The records below are to be output exactly, except for their pictures.

(Short text fragments from websites)
···

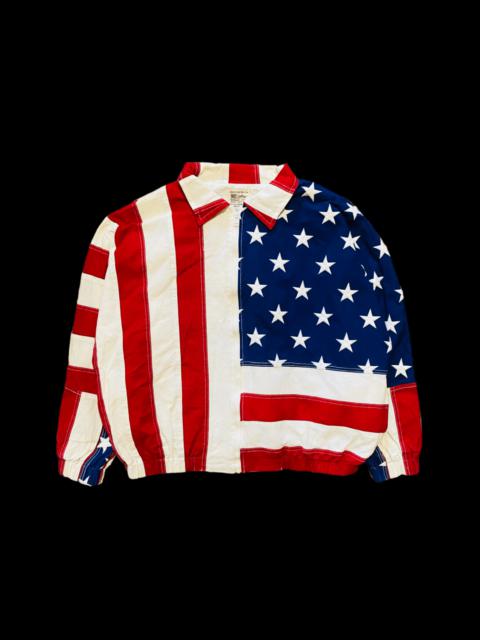 Other Designers Vintage USA American Flag Jacket Limited Edition Zip Jacket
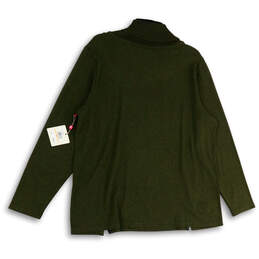 NWT Womens Green Turtleneck Long Sleeve Tight-Knit Pullover Sweater Sz 2XL alternative image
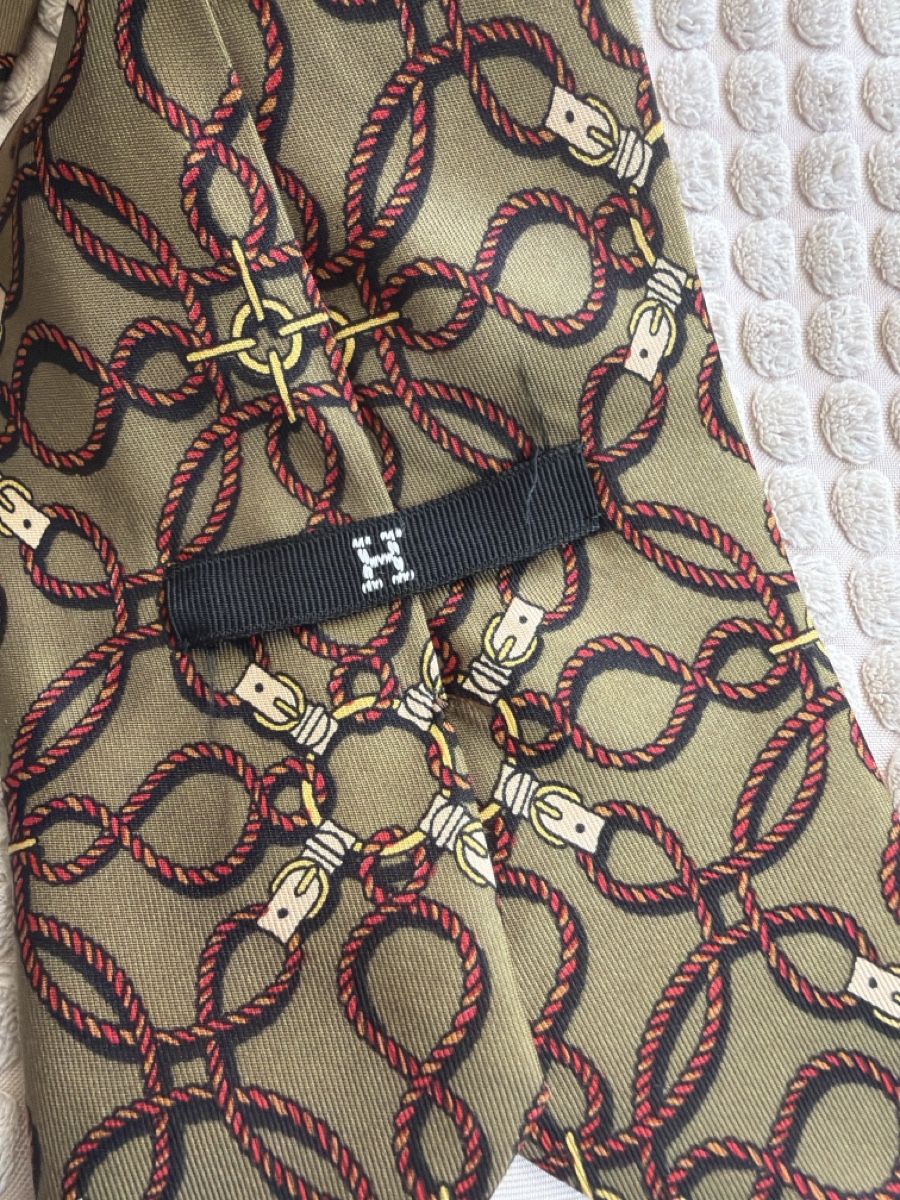 Hermès Cravatte: Cravate Hermès motif chaînes – Usato da Lausanne venduto da Pascal9999 1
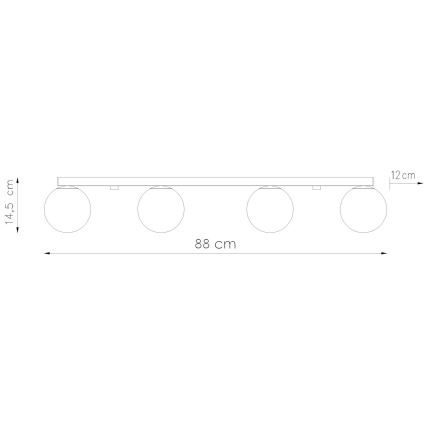 Iluminação de teto YOLI 4xG9/12W/230V preto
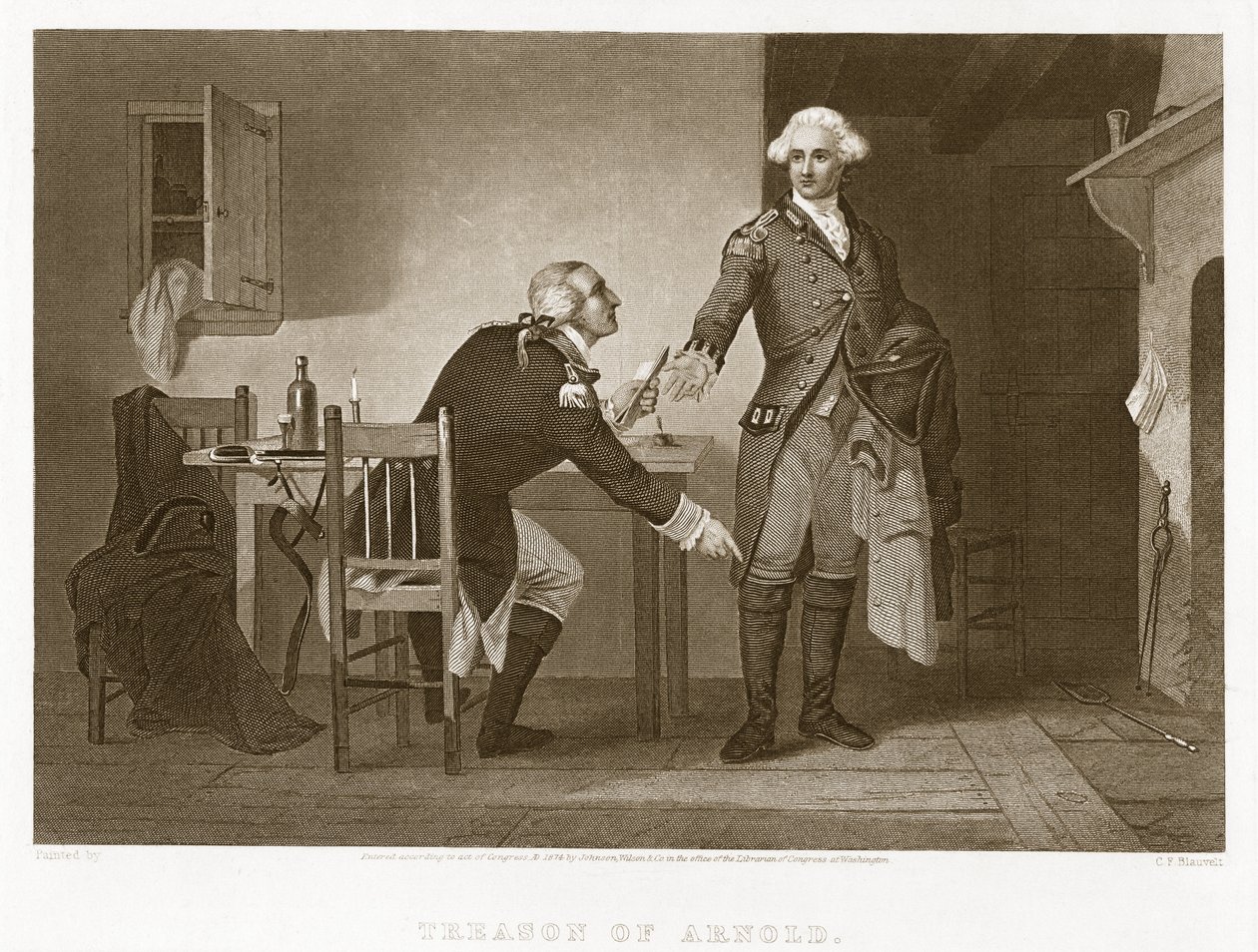 Verraad van Arnold door Charles F Blauvelt 1824 1900.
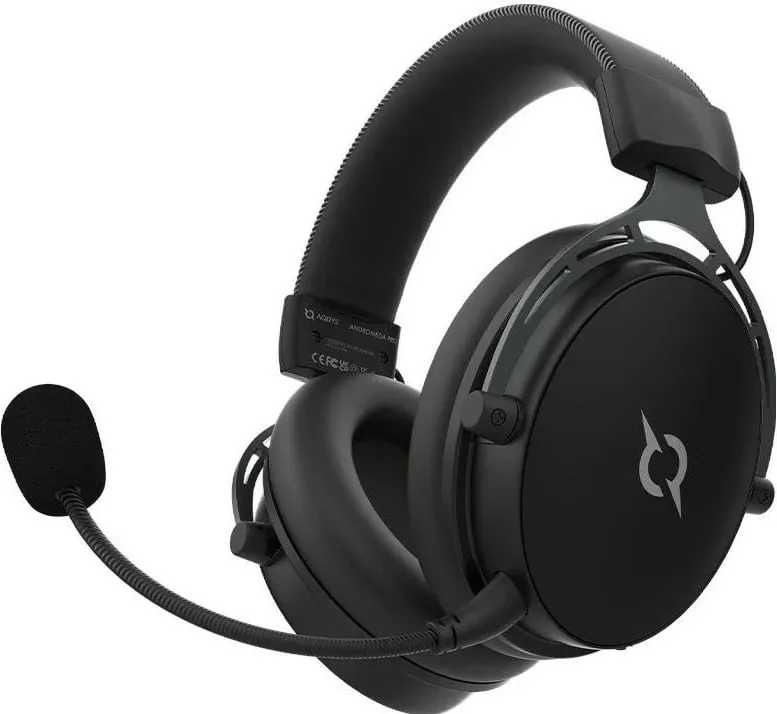 Kufje gaming wireless AQIRYS Andromeda Pro, mikrofon i ndashëm, e zezë - 8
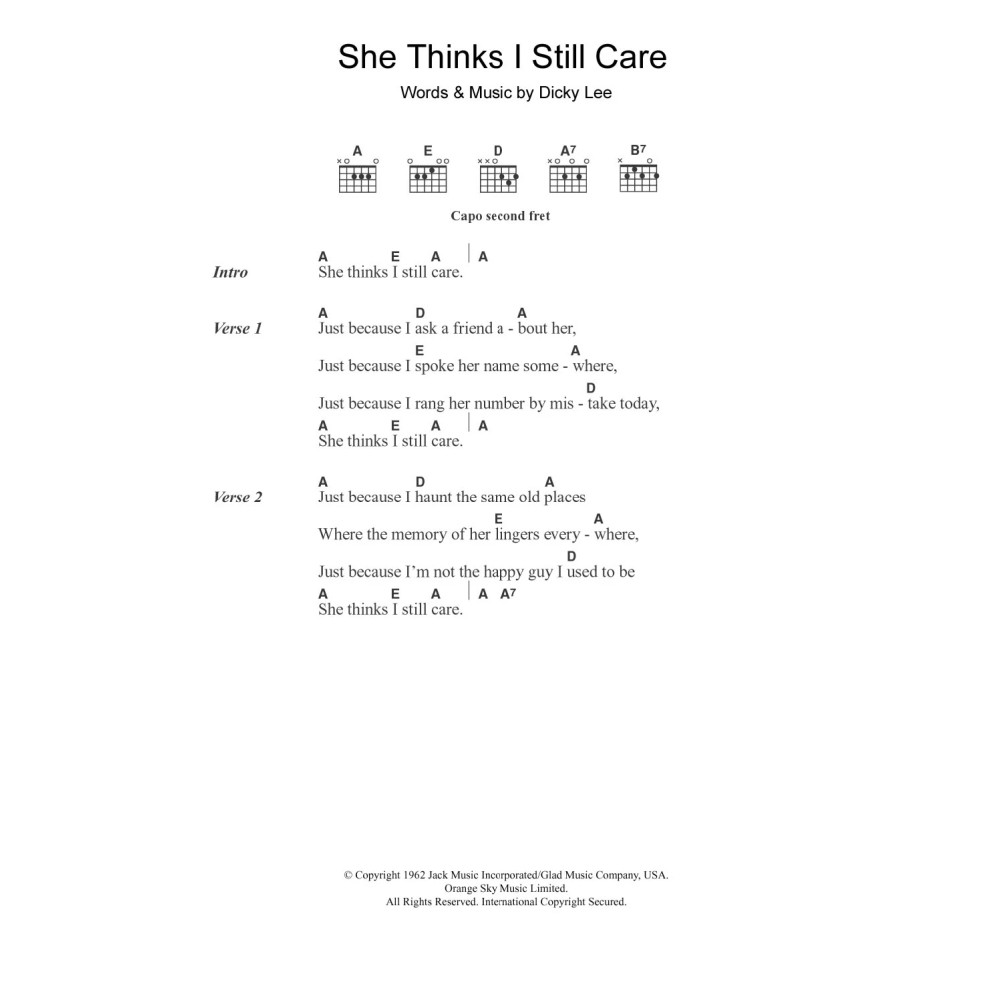 She Thinks I Still Care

···

Your solution:
 Other Designers Vintage USA American Flag Jacket Limited Edition Zip Jacket
 NWT Womens Green Turtleneck Long Sleeve Tight-Knit Pullover Sweater Sz 2XL alternative image
 Hermès Cravatte: Cravate Hermès motif chaînes – Usato da Lausanne venduto da Pascal9999 1
 Iluminação de teto YOLI 4xG9/12W/230V preto
 Verraad van Arnold door Charles F Blauvelt 1824 1900.
 Kufje gaming wireless AQIRYS Andromeda Pro, mikrofon i ndashëm, e zezë - 8
 She Thinks I Still Care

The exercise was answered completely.